### PROMPT
Only one stretch of the data below should be repeated: the lines from the line containing "AOC 24G2SPU/BK Computerbildschirm" through the line containing "Electric Shiatsu Foot", inclusive, exactly as they are.

[Web page caption snippets]
-------------------------

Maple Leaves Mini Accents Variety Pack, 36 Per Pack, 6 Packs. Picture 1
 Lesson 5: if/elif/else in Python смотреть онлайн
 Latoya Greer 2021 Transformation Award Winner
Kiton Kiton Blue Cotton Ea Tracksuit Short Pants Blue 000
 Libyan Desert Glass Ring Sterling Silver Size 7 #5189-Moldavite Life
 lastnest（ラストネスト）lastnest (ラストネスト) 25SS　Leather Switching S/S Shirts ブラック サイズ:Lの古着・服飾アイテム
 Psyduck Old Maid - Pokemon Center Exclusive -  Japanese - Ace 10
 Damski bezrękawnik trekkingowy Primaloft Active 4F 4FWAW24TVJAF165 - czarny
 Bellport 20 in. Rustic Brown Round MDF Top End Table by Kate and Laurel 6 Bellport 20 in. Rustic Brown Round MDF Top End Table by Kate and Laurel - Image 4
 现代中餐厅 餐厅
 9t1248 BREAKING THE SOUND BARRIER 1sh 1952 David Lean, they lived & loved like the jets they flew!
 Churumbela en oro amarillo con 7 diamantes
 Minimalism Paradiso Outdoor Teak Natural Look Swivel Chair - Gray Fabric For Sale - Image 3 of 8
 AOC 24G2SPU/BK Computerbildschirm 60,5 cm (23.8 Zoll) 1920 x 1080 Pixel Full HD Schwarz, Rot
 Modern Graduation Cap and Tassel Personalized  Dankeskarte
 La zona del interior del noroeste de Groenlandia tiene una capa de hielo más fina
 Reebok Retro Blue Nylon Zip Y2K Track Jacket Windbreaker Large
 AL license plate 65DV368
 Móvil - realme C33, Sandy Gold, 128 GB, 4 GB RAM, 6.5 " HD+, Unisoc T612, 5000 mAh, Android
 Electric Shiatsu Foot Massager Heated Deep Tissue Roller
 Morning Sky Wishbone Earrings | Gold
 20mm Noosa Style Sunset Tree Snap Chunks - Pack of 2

-------------------------

### FINAL ANSWER
 AOC 24G2SPU/BK Computerbildschirm 60,5 cm (23.8 Zoll) 1920 x 1080 Pixel Full HD Schwarz, Rot
 Modern Graduation Cap and Tassel Personalized  Dankeskarte
 La zona del interior del noroeste de Groenlandia tiene una capa de hielo más fina
 Reebok Retro Blue Nylon Zip Y2K Track Jacket Windbreaker Large
 AL license plate 65DV368
 Móvil - realme C33, Sandy Gold, 128 GB, 4 GB RAM, 6.5 " HD+, Unisoc T612, 5000 mAh, Android
 Electric Shiatsu Foot Massager Heated Deep Tissue Roller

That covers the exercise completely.